Actually, defrag only erases the sectors it happens to overwrite in the process, it doesn't make any effort to erase all of the free space on the drive.


----------



## psyber1986 (Jan 24, 2007)

The only way to get rid of data on your hard drive is to overwrite every sector of your hard drive. But doing that would require you to reinstall windows afterwards. There are plenty of programs out there that will do the trick , here is a list of them 

Freeware:

Killdisk 
Dariks boot and Nuke


Shareware

Killdisk professional
Drive Scrubber
Wipe Drive
Bcwipe


----------



## bill53 (Jan 25, 2007)

billybobaloo said:


> I don't know if this question has ever been asked.
> 
> I want to know if anyone knows of a piece of software or a way to clean deleted file entries from directories permanently.
> 
> ...


I have an old utility i use with Win2K that claims it can clean free space and slack space without damage to files. It is called DESTROY IT and comes as part of a suite of utilities with ULTRA WIN CLEANER. I found another product called CYBERSCRUB at the following site: https://buy.cyberscrub.com/pitch.php?ReferrerId=411 
I would advise back-up, a thorough disk scan and defrag before doing this. Hope this helps.

Bill


----------



## JohnWill (Oct 19, 2002)

See post #3 for similar utilities.


----------



## billybobaloo (Jan 17, 2007)

I appreciate everyone's input and answers to my original question.

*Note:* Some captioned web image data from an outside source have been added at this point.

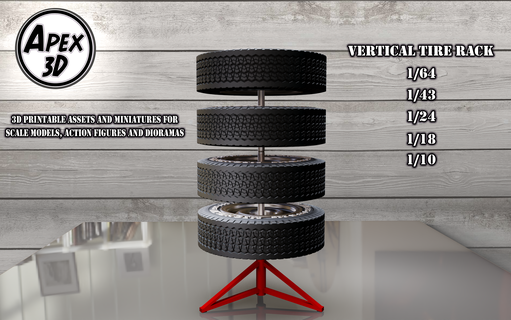 vertical tire rack 3d printable various scales 3dprinting diorama maquette scale autos plastikits plastimodel sprue collection collectible cars garage shop mechanic workshop wheel 3d print model - Mito3D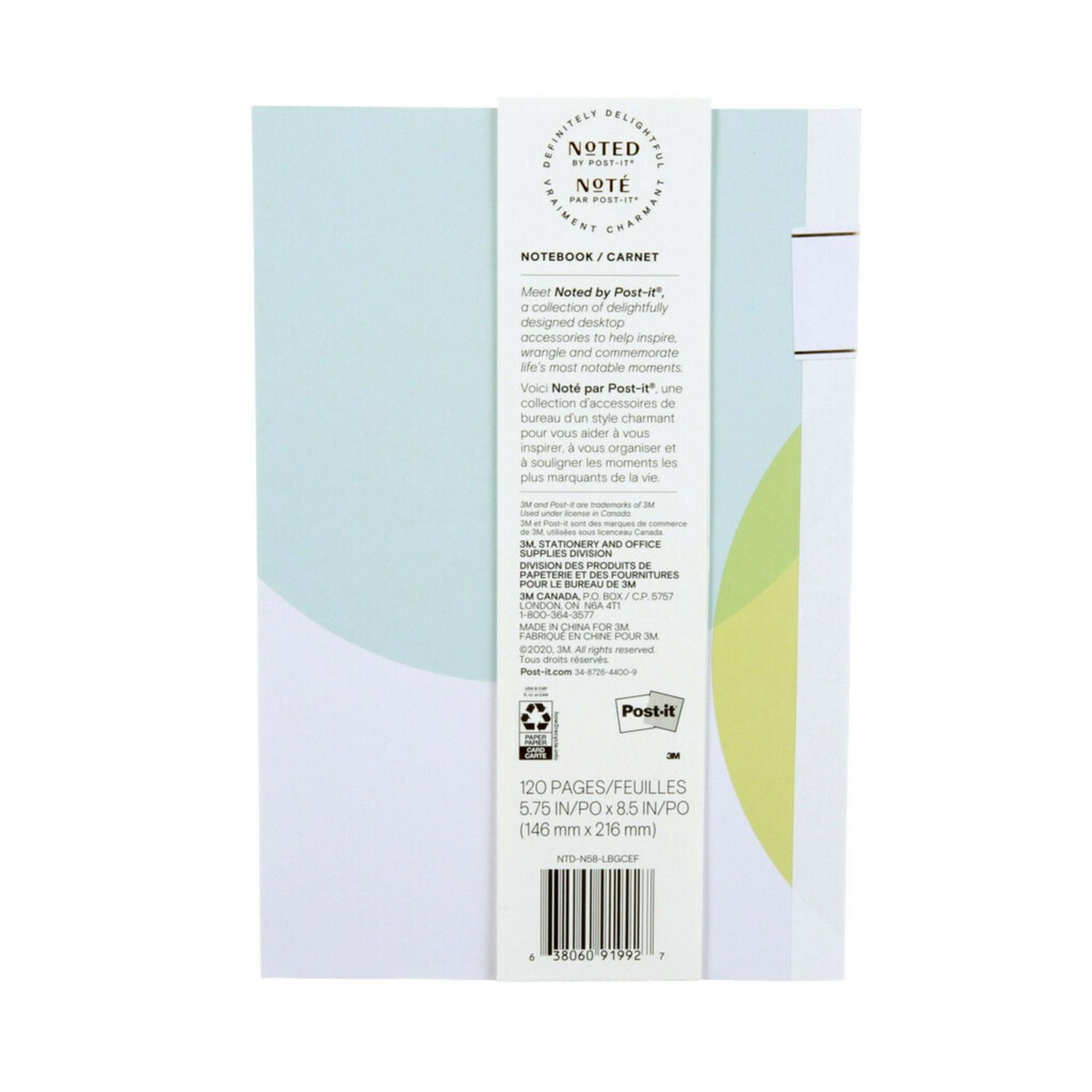 Carnet de notes, Noté par la marque Post-it®, cercles bleus et verts, 5,75 po x 8,5 po Carnet de notes NTD-N58-LBGCEF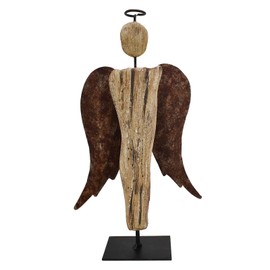 Wood Angel Decor Tabletop Statue Decorative Praying Sculpture Table Centerpiece Angels Figurine Shelf Decoration Guardian Angel Memorial Gifts (Small)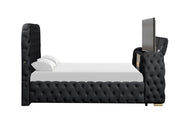 Rose - Black Upholstered Queen Bed with TV Lift, Bluetooth speaker and USB Type C - B140-Q-Bed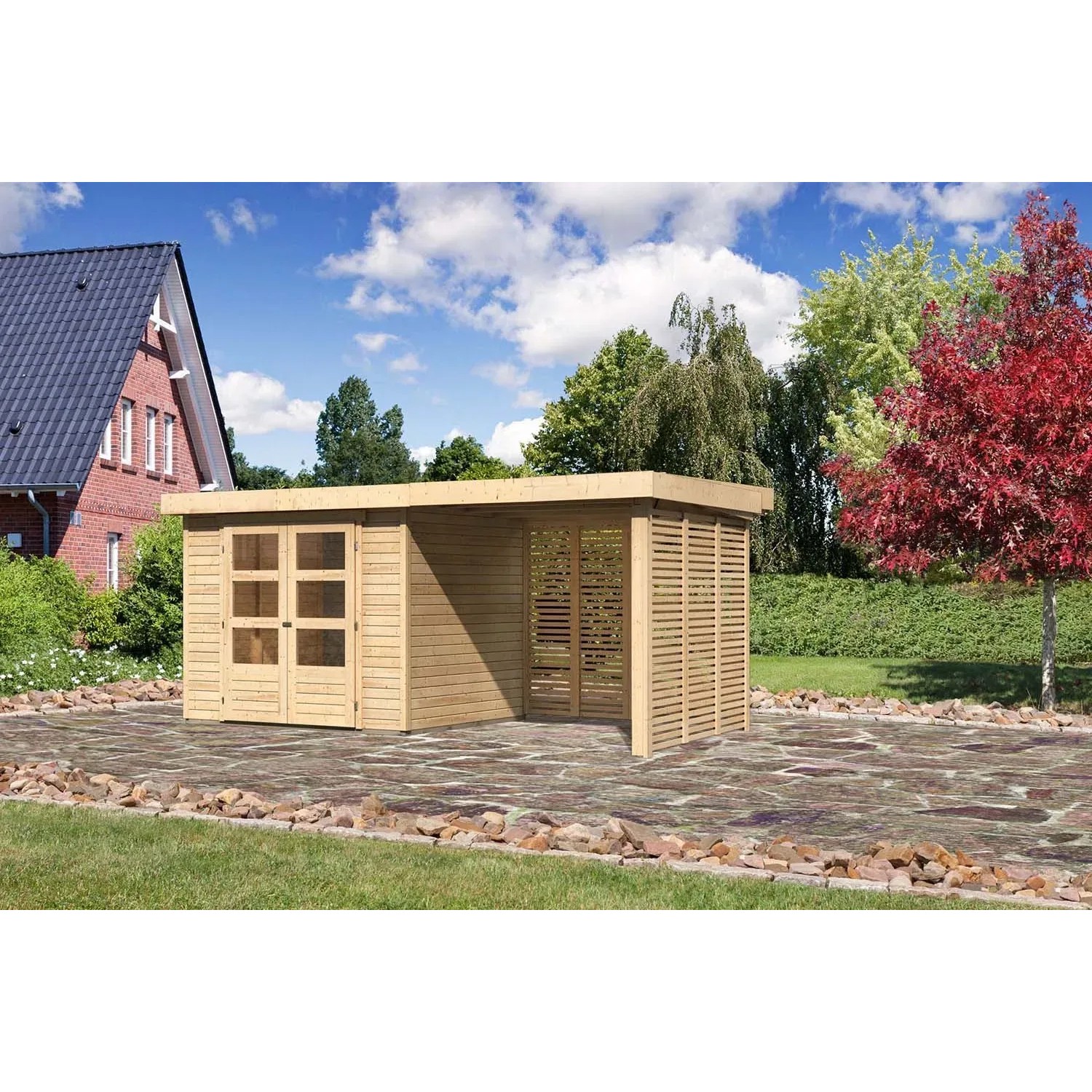 Karibu Holz-Gartenhaus Boras Natur Flachdach Unbehandelt 238 cm x 213 cm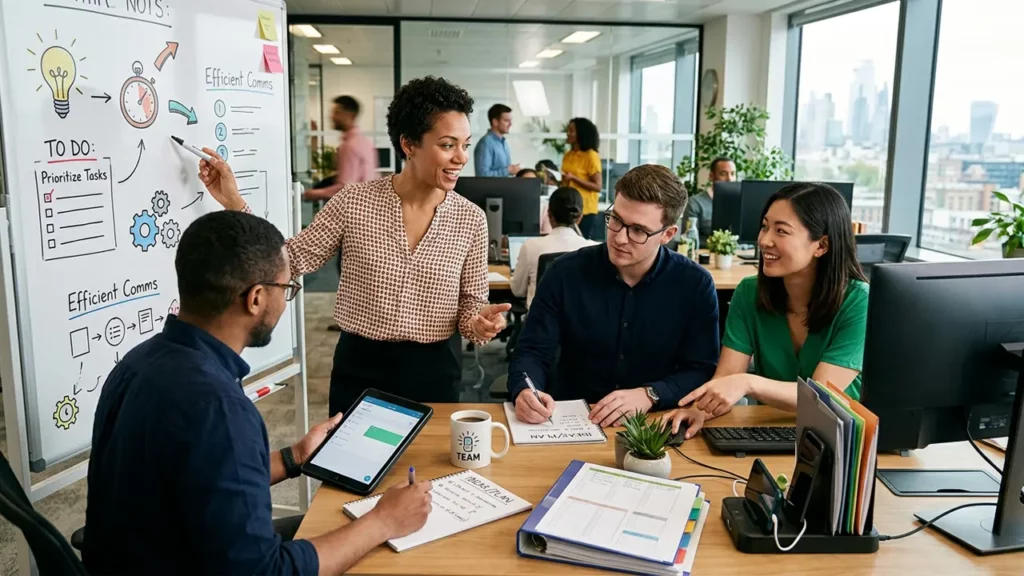 People working in the office.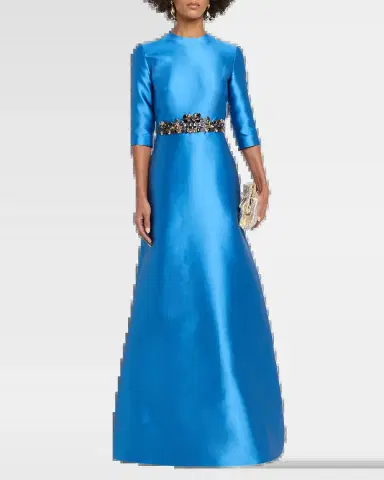 Reem Acra Crystal Embellished Mikado Silk 3/-Sleeve Gown | Thumbnail 6
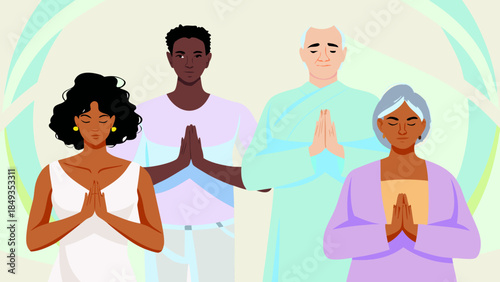 Diverse group of people meditating together in harmony and mindfulness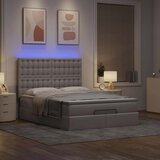  Otomanski krevet s madracem i LED smeđesivi 140x200 cm tkanine | shoptok.hr
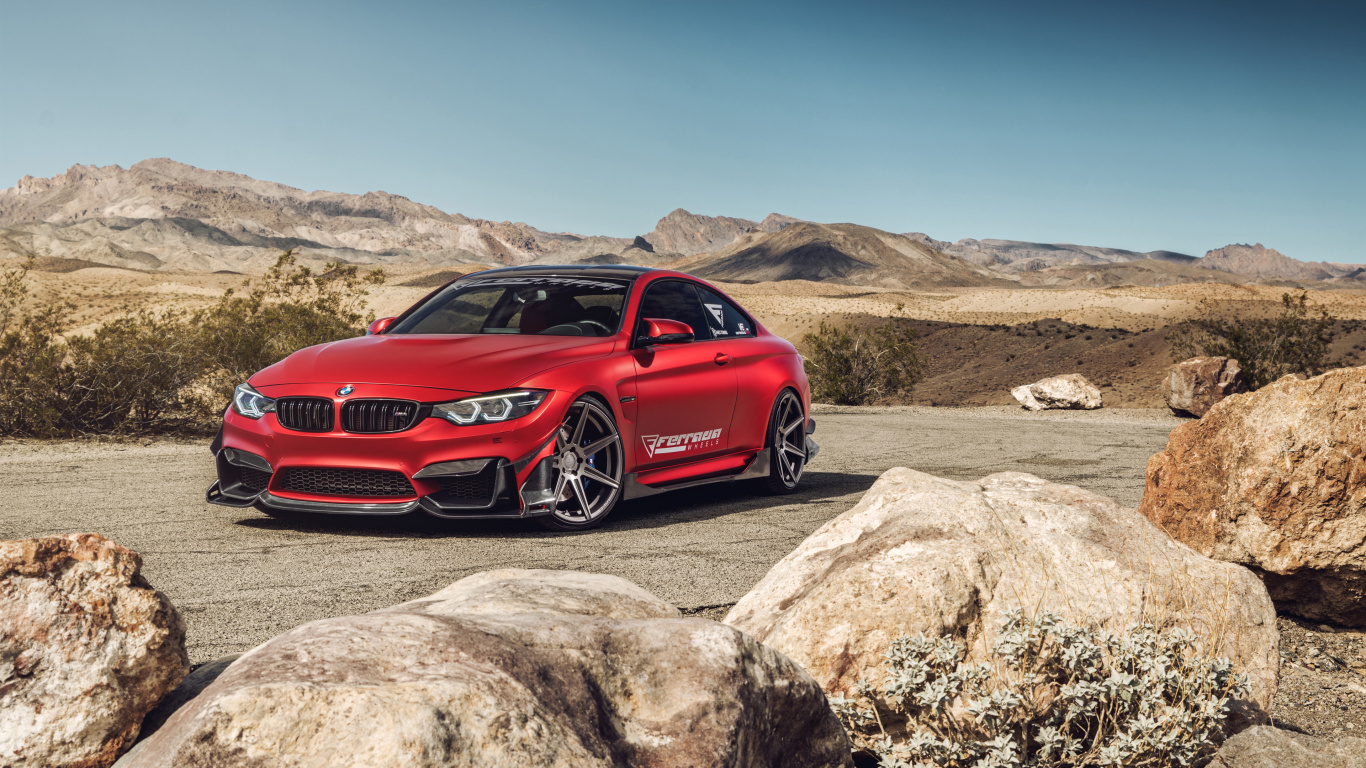 Red Bmw m 3 on Rocky Mountain During Daytime. Wallpaper in 1366x768 Resolution
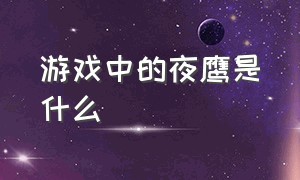 游戏中的夜鹰是什么（游戏中的夜鹰是什么游戏）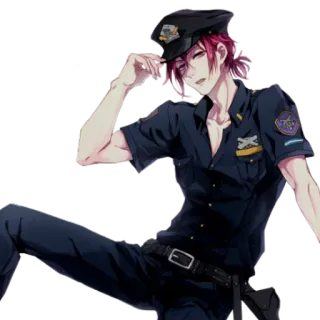 😊 Anime, Policial, Homem, Uniforme, Desenho animado telegram sticker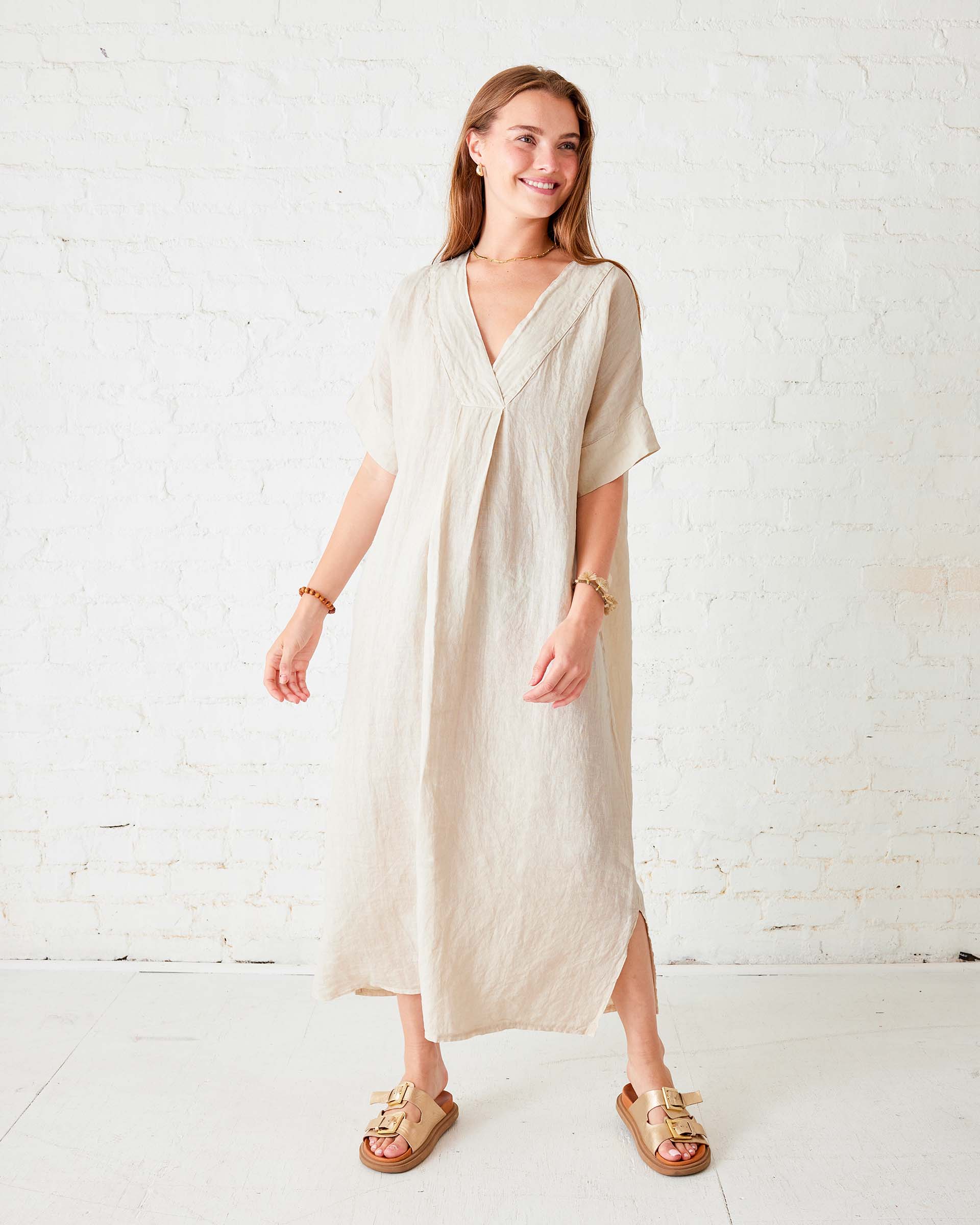 Women's Off White Maxi Kaftan Coverup Dress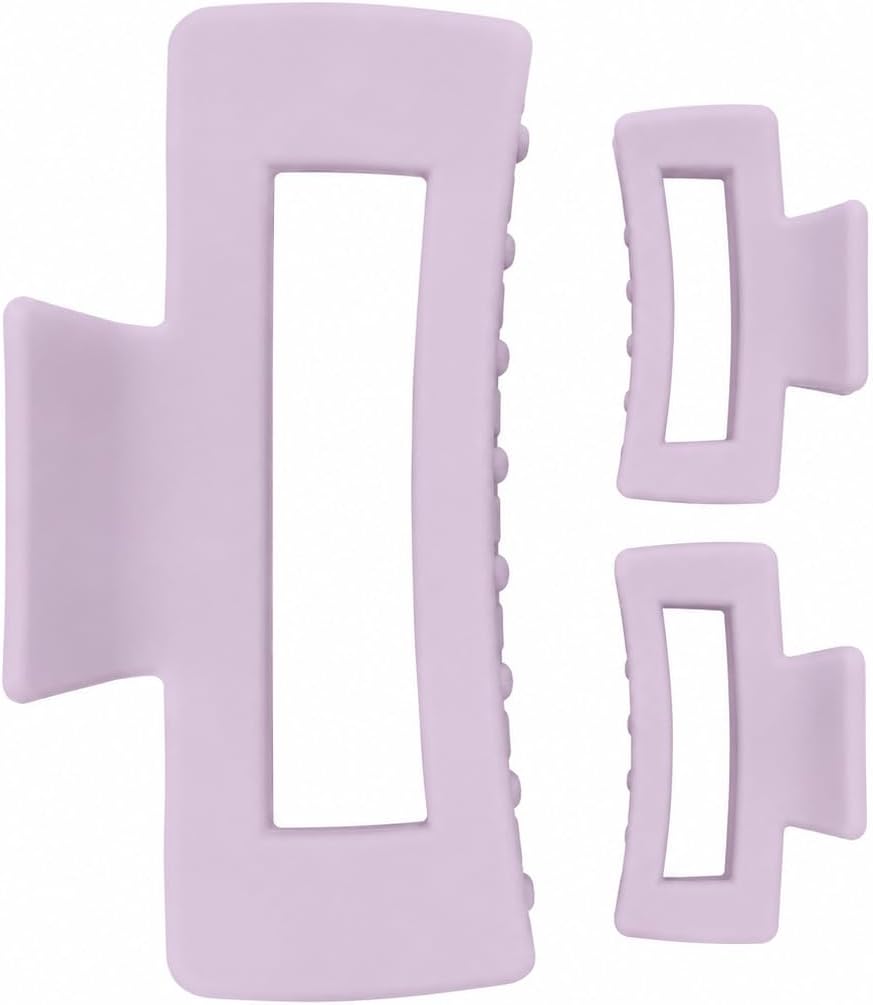 Matte acrylic hair claw for an elegant and modern hold, a 3-piece set in various sizes, a durable and comfortable accessory for women and girls. (Purple)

I wasn't actually interested in the file wiping part of it as I knew there were several programs that would overwrite the data any number of times to destroy it.

All I was interested in was clearing the deleted files from the file table so that when I go to undelete a file in the future there won't be 100,000 deleted file entries to look through trying to locate the 1 or few that I actually want to undelete.

I did download the most current version of Eraser and it has an option to do just this. So my problem is solved. I could care less if there are remnants of the files still on the drive I just don't want them showing up when I go to undelete next time.

Thanks John. Like I said before I had used Eraser in the past. I either just overlooked this option or it wasn't in the older version I had in the past.


----------